I would not recommend turning off Smart HDR, though. In a proper HDR game, it looks terrible, with overblown highlights, way too much saturation — the list goes on. Keep Smart HDR on, even if it’s just the desktop mode.

Alienware already had a very solid foundation for image quality, but the 27 QD-OLED manages to address the big pain point of its previous attempt at OLED. The color accuracy is much better out of the box, making it easier to get a color-accurate image if you need it. As usual, however, consumer OLED gaming monitors are built for media consumption, not creation. If that’s your primary focus, you’re better off with a highly accurate IPS panel.

Speed and quality in equal measure

Alan Wake 2 on the Alienware 27 QD-OLED monitor.
Jacob Roach / Digital Trends

The image quality is great, but you’re going to buy the 27 QD-OLED for gaming. Thankfully, it’s just as impressive on that front. OLED provides near instantaneous response times, which when combined with the super-high 360Hz refresh rate, makes your games feel impossibly smooth on the 27 QD-OLED.

I’d normally write off such a high refresh rate. It’s great for the Overwatches and Counter-Strikes: Global Offensives of the world, but you’d never be able to capitalize on that high of a refresh rate in other titles. However, we’re living in a time of upscaling and AI-generated frames, allowing you actually take advantage of how fast the 27 QD-OLED is.

The Last of Us Part One running on the Alienware 27 QD-OLED.
Jacob Roach / Digital Trends

Returnal is a great example. I booted it up on an RTX 4080 PC, and with DLSS 3 running, I was getting in the range of 280 to 290 frames per second (fps) with Ultra settings.

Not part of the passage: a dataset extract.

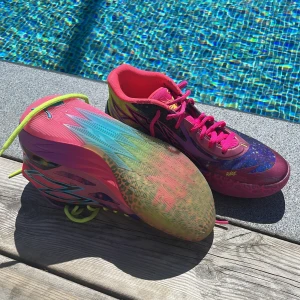 PUMA MB.02 BE YOU - Skitsnygga skor. Måste tyvärr sälja för att jag bara får ha Nike skor. Storlek 41 (26.5cm)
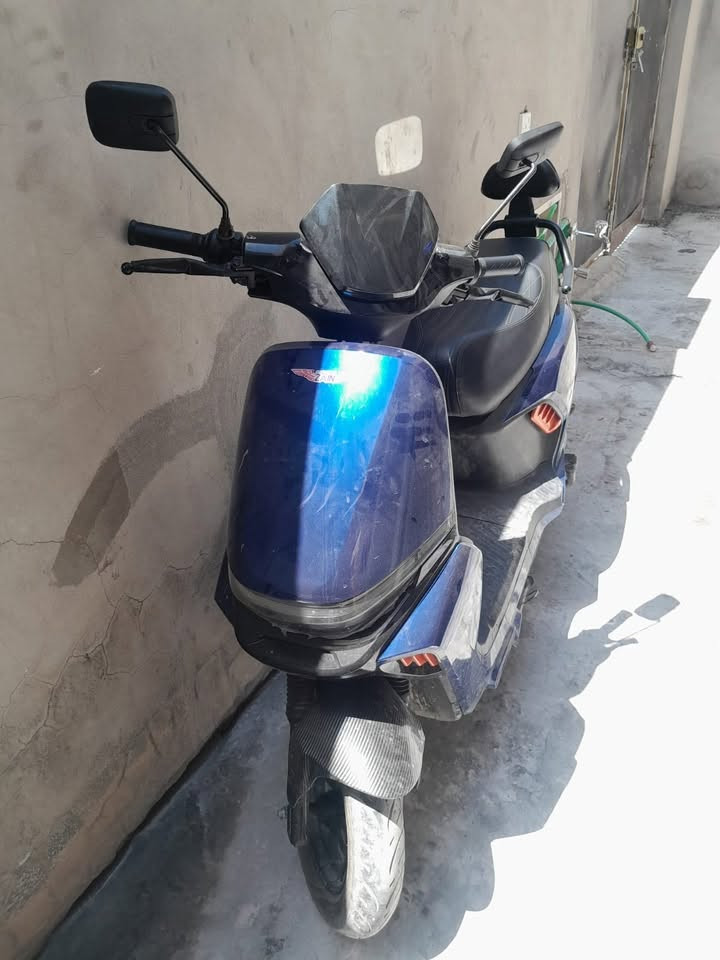 السلام عليكم دراجه شحن للبيع جديده مستخدمه شهرين مكفوله وجديده من كلشي السعر 800 بصمه سويج مكاني الامين ***********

No, you’re not always going to get that high, but with modern games, you can actually use a 360Hz refresh rate outside of just competitive esports titles.

And man, does it feel responsive. With the low response times of OLED and the high refresh rate, gameplay feels silky smooth. It makes Alienware’s 500Hz gaming monitor it released last year look silly, frankly. Now, you’re getting the responsiveness and clarity of an esports display while also getting the inky blacks necessary for high-end cinematic gaming.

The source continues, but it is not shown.